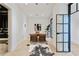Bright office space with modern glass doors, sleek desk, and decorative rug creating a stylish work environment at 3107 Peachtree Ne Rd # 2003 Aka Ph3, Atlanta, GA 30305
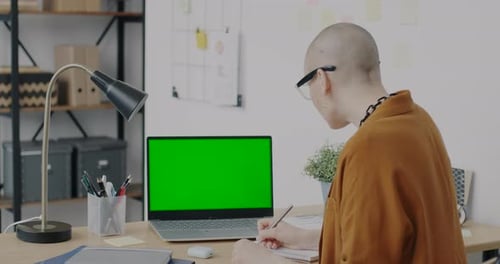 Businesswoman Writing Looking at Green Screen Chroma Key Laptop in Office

* * *

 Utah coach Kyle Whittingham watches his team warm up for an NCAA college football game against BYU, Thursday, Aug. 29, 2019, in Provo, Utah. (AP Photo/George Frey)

--

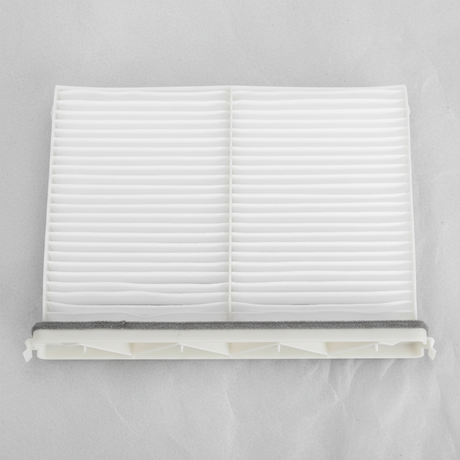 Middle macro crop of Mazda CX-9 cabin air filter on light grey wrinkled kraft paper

**What is expected:**
Above this task is a listing with pictures in it. Retype only the lines from the one containing "Bright office space" through the one containing "Businesswoman Writing Looking", both included, and not the pictures.

**Task solution:**
Bright office space with modern glass doors, sleek desk, and decorative rug creating a stylish work environment at 3107 Peachtree Ne Rd # 2003 Aka Ph3, Atlanta, GA 30305
 Businesswoman Writing Looking at Green Screen Chroma Key Laptop in Office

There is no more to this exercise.